Part of that story is the motif of the Islamic middleman role in the transmission of classical knowledge to Christendom. According to this motif, the West in the Eleventh Century possessed no first-hand knowledge of the Greek and precious little of the Roman classics. Fortunately (so the story goes) the Muslims had translated Plato and Aristotle into Arabic, knew all about them, and bestowed the gift of their lore on the benighted monks of Italy and France. The benefactors under this notion behave suavely and generously, while the beneficiaries are – to paraphrase a line from a David Lean film – ignorant, barbarous, and cruel.

In the spasm of western Islamophilia that followed the terrorist attacks of 2001, the myth of medieval Muslim learnedness and medieval European illiteracy gained strong new power for the Left whose acolytes have disseminated it with vigor from their ensconcement in the colleges and universities. Facts might have dispelled the myth had anyone cared to notice them. For one thing, Europeans never lost contact with the Byzantine Greeks, who blithely went on being scholarly classicists until Mehmet II bloodily vanquished Constantinople in 1453, slaughtering the literate elites and forcing the peasantry to submit to Allah. The Eighth-Century English church-chronicler Bede reports in his Ecclesiastical History that one of the first bishops of Canterbury, Theodore, was an educated Greek. The Twelfth-Century Icelandic mythographer Snorri Sturlusson suggests in his Edda that the Norse gods were actually Trojan heroes escaping, like Aeneas, from Agamemnon’s destruction of their city – an interpretation that implies his knowledge of the theory called Euhemerism. Eighth-Century England and twelfth-Century Iceland were remote places, but, in Bede and Snorri, one can attest links to the classical tradition.
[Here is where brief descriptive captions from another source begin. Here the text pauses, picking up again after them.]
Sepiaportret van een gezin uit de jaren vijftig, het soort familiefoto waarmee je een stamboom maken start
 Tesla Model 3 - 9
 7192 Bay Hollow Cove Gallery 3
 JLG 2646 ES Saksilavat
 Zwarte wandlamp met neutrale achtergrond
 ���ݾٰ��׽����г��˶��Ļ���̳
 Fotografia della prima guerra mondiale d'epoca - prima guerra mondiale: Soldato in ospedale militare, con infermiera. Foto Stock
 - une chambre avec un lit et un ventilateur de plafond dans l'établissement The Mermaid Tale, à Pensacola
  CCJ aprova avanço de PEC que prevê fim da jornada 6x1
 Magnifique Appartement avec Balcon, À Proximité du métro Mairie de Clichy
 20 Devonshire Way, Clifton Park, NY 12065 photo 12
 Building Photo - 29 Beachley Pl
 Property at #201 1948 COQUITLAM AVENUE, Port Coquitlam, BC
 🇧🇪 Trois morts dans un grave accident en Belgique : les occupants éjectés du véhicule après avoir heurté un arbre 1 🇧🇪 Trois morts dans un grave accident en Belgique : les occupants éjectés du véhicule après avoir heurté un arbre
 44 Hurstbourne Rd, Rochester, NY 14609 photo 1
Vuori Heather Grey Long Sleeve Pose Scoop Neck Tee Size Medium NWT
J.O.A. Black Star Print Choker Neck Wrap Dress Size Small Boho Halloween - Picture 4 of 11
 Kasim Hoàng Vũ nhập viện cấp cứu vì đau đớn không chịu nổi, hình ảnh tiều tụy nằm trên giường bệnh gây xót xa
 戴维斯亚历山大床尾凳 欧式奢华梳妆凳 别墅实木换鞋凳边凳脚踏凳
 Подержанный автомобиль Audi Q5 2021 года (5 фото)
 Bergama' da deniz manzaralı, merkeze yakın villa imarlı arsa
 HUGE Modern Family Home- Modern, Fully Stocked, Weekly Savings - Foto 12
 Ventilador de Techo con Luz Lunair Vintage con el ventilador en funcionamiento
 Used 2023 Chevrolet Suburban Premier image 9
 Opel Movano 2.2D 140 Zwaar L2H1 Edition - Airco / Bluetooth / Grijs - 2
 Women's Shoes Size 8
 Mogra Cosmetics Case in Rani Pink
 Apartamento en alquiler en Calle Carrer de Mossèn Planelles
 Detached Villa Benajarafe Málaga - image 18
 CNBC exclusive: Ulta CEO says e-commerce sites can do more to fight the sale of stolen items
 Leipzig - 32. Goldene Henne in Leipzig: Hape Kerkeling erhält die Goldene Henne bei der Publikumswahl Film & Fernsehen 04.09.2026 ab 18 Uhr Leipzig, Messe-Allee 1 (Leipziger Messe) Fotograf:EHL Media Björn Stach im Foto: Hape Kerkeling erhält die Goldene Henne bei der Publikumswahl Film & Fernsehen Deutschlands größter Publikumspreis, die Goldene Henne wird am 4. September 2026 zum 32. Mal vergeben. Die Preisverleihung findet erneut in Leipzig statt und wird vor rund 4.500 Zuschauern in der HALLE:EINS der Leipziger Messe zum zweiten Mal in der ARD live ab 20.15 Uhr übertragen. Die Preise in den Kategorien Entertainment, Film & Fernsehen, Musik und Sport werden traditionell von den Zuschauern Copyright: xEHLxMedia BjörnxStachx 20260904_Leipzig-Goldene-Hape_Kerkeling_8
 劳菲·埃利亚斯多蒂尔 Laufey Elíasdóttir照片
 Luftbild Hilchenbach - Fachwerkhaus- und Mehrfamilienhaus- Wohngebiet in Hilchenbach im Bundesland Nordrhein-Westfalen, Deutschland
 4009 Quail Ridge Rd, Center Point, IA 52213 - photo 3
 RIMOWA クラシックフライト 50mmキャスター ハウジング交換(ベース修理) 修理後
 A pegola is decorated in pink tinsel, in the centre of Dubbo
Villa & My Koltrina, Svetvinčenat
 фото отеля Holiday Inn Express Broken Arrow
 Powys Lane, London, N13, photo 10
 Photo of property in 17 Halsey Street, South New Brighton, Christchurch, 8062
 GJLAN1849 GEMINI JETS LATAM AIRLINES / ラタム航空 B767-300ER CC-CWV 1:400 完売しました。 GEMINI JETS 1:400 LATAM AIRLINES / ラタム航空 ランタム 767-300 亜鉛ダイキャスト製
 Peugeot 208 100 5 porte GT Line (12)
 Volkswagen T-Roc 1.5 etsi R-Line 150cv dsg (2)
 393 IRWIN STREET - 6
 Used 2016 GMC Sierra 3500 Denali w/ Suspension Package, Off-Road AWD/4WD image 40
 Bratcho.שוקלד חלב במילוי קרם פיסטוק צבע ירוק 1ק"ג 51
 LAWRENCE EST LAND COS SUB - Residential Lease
Facts like these could easily be multiplied – and a man who multiplies them with muscularity and clear-sightedness is the French historian Sylvain Gouguenheim, who documents them in his remarkable book Aristote au Mont Saint-Michel: Les raciness grecques de l’Europe Chrétienne (Seuil, 2008). [Aristotle at Mont Saint-Michel: the Greek Roots of Christian Europe.] The book is not as yet translated, but it deserves to be known to Anglophone audiences because it brings important truths to many a contemporary conversation.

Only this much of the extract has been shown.